O TALENTO INDIVIDUAL CONTRA A MEDIOCRIDADE COLETIVA É O TEMA DE “RATATOUILLE”

A Pixar acertou novamente. O novo desenho animado produzido pelos estúdios de Steve Jobs (e recentemente comprados pela Disney) é um dos melhores já realizados, e tem tudo para agradar a todos os tipos de público, de todas as idades. É interessante notar como a Pixar Animation se supera a cada produção, apoiando-se basicamente em variações sobre o mesmo tema, ou seja, a vitória do talento individual sobre a mediocridade geral e coletiva.

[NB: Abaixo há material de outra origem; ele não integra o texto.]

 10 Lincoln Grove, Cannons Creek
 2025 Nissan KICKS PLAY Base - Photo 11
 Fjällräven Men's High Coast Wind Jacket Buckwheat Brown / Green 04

Em “Toy Story”, os brinquedos – que são extremamente inteligentes, criativos e independentes – abrem mão de seus próprios talentos para entrar no jogo limitado dos humanos. É particularmente emocionante a cena que Buzz Lightyear descobre que ele não é, de fato, um astronauta, mas apenas o instrumento de brincadeiras de uma criança. Em “Vida de Inseto”, a formiga Flick é hostilizada pelo formigueiro (nada mais coletivo) porque ninguém entende ou aceita o seu incrível talento individual de inventora. O peixinho Nemo – portador de uma pequena deficiência física em sua nadadeira – é o mote propulsor de toda a aventura porque se recusa a obedecer aos limites impostos por seu assustado pai. Em “Os Incríveis”, toda uma horda de super heróis dos mais talentosos é proibida de exercer seus poderes, para satisfazer à mediocridade geral de uma sociedade desprovida de talentos especiais. Os heróis da Pixar são estes indivíduos especiais e quase sempre solitários que ousam se erguer contra os padrões pré-estabelecidos impostos por uma coletividade ignorante.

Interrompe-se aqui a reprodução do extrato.